On March 14, Queen’s physicist Ryan Martin received $250,000 to establish a world class facility for his neutrino research — but in the speeches from administrators and dignitaries, his former PhD supervisor Arthur McDonald was referenced even more than he was.
“I’m sure Dr. McDonald is very familiar with this kind of work,” Kingston and the Islands MPP Sophie Kiwala said while discussing Martin’s project. Principal Daniel Woolf also made extensive reference to McDonald’s work in his address.
However, McDonald — the 2015 Nobel Prize laureate in Physics — deflected attention back onto his former student. “He’s a professor here and he was a student of mine, and I’m very proud of him,” McDonald said from his front-row seat.
During an interview after his Nobel win in 2015, McDonald had also spoken to The Journal about Martin, whom he praised and said “kept him young”.
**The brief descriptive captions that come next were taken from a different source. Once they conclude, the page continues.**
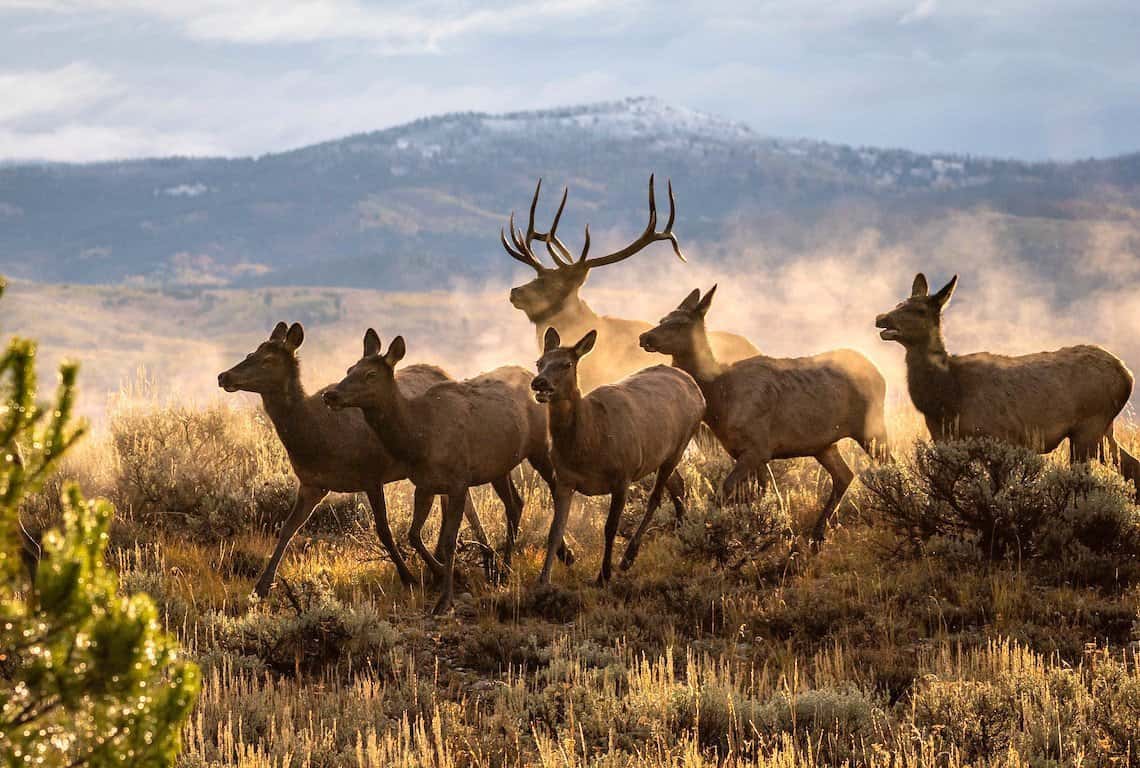 Best Photography Locations in Grand Teton National Park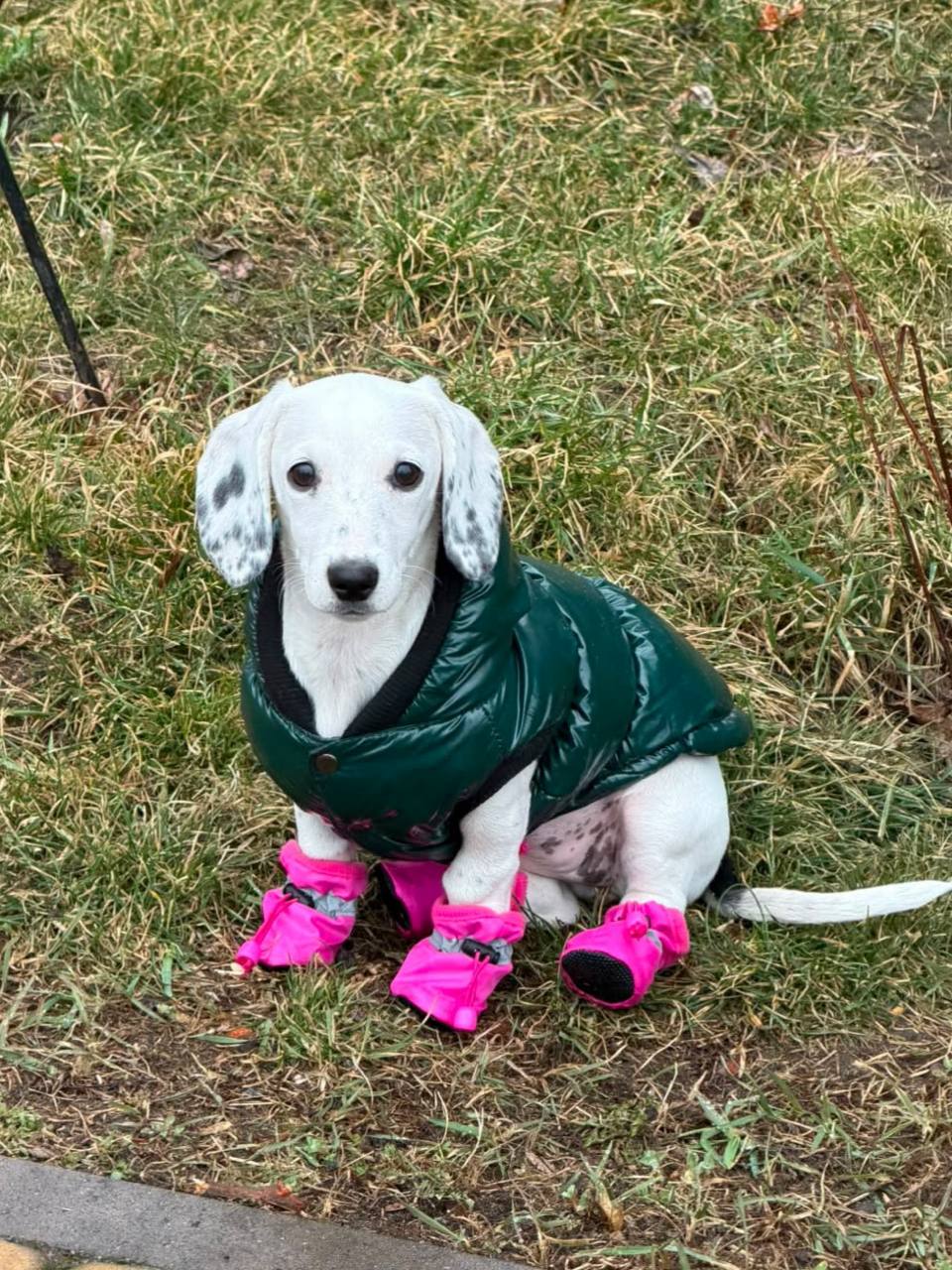 Жилет для собак лакированный DogsBomba, изумрудный Жилет для собак лакированный DogsBomba, изумрудный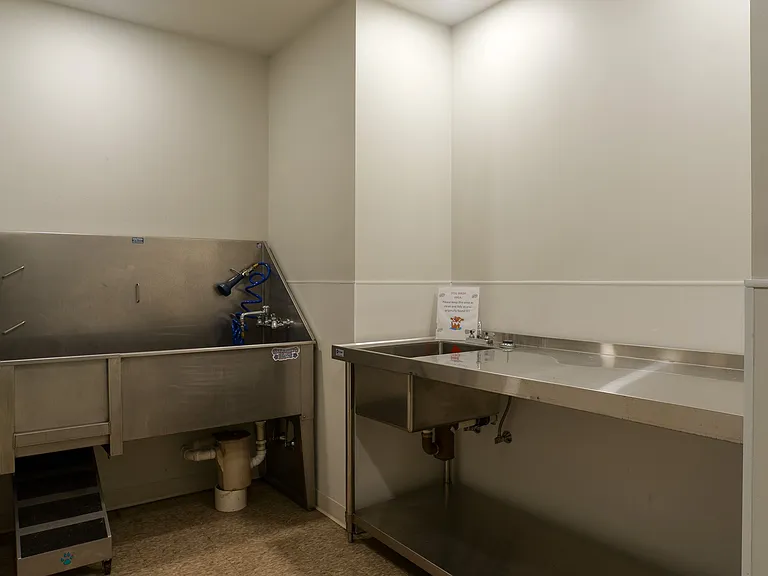 Dog Wash Station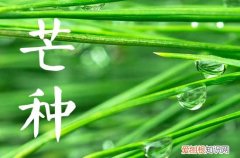 2023年农历四月十九芒种出生的女孩命运解析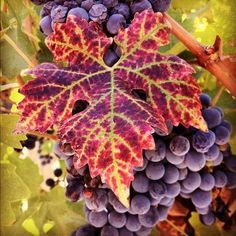 a bunch of grapes hanging from a vine with red and green leaves in the foreground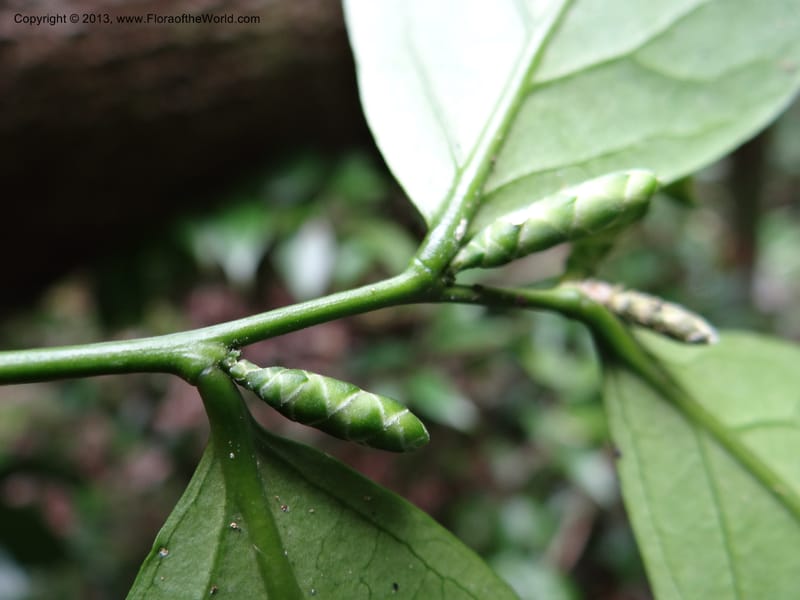 Urobotrya latisquama, VC 5585--Thailand. Prachuap Khiri Khan. Ma Rong Cave. 13 Nov 2012. (25).JPG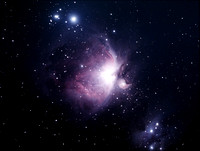 M42 The Orion Nebula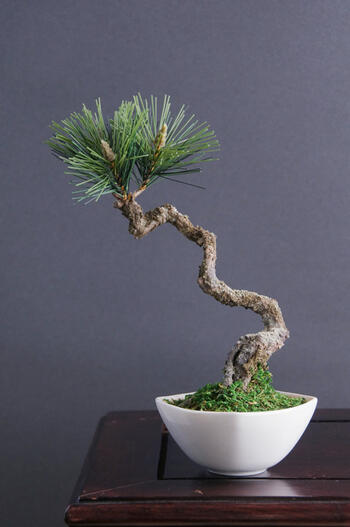 盆栽 松 #38（造花）【ギフトバッグ対応可】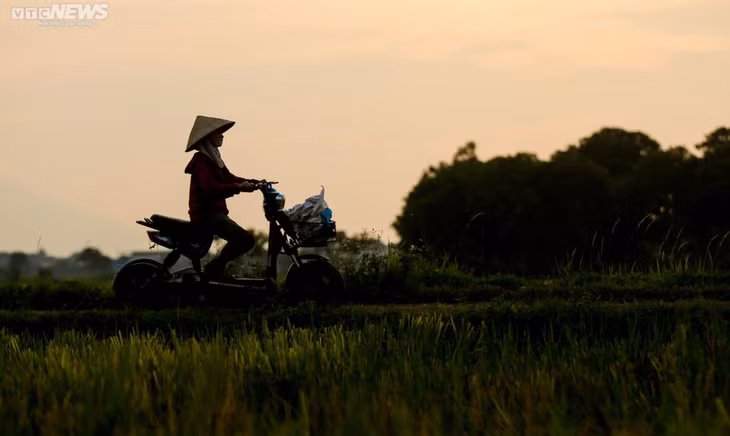 Mùa gặt bình dị ở ngoại thành Hà Nội ảnh 11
Despite the focus on the events of 2015, Tuesday saw multiple project funding announcements. Approximately $4.5 million in funding for Queen’s — out of a $77 million investment across the province — was declared by Ontario Minister of Research, Innovation and Science, Reza Moridi at a Richardson Hall gathering.
“I have already apologized to [the visiting politicians] in private that the weather I ordered for St. Patrick’s Day arrived a few days early,” Woolf quipped in his opening address.
After the chuckling audience simmered, the newly funded projects were discussed. Martin’s new facility will focus on developing p-type point contact detectors, which are used to more accurately measure interactions with particles like neutrinos and dark matter.
Engineering professor Praveen Jain — the Canada Research Chair in Power Electronics — was allotted $4 million to work on the development of small-scale, point-of-use solar power systems for residential use.
Prior to the announcement, media were taken through the University’s Centre for Energy and Power Electronics Research in Walter Light Hall. Projects small enough to fit on the tip of a finger — like a power source developed by PhD student Marko Krstic — have been in development there for years.
Projects developed in the basement-level centre are intended to establish the University’s presence as a power in energy and power electronics.
Geophysicist Alexander Braun will be given $180,000 to buy a superconducting gravimeter, of which there are only 12 on the globe. The devices are utilized to monitor fluid migration processes, through oil, gas and water reservoirs, in order to help mitigate environmental hazards.
Psychologist Jason Gallivan will also receive $150,000 for infrastructure in the field of Memory, Action and Perception Laboratory, which investigates how strokes and other neurological disorders can alter perceptual, cognitive and motor-related mechanisms in the human brain.